Florida snake hunters have now killed 1,000 Burmese pythons

This 15-foot long beast was captured April 1 in the Florida Everglades - Photo by  Michael Freifeld
Photo by Michael Freifeld
This 15-foot long beast was captured April 1 in the Florida Everglades
There are now 1,000 less invasive Burmese pythons in Florida.

Last weekend, snake hunters with the South Florida Water Management District hit the impressive milestone of bagging their 1000th Burmese python. The record setting catch, an 11-foot snake caught by Brian Hargrove, was recorded on Tuesday at the Homestead field station.

The district pays hunters $8.10 an hour to hunt these beasts, plus bonuses based on size.

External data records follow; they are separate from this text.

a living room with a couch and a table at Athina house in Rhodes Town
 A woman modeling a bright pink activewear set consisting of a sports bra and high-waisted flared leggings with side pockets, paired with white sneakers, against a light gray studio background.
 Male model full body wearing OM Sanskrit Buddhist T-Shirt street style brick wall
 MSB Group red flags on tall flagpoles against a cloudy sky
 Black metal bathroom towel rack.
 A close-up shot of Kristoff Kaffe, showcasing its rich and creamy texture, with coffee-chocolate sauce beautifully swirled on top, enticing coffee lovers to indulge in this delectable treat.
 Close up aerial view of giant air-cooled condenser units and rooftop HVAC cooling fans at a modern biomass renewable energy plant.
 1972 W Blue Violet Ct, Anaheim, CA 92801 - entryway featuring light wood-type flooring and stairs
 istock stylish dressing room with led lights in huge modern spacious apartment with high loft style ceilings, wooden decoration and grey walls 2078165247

According to SFWM, Hargrove has been one of the best snake hunters this past year, catching 115 so far.

While 1,000 snakes sounds like a lot, it's actually only a handful of Florida's robust Burmese python population. While no exact number is know, officials believe there are tens of thousands. 
Burmese pythons, which are capable of laying 50 to 100 eggs at once, have been offloaded into the Everglades by unsatisfied owners for decades, says the FWC. As a result, the non-native snakes have reproduced into a sizable population and pose a significant threat to indigenous birds, reptiles and mammals. Alligators aren't even safe.

Florida has witnessed quite a few bizarre Burmese python records as of late. In March, a Burmese python broke a record by regurgitating a deer larger than itself and in April a python with a tracker device led researchers to a record-breaking snake sex party.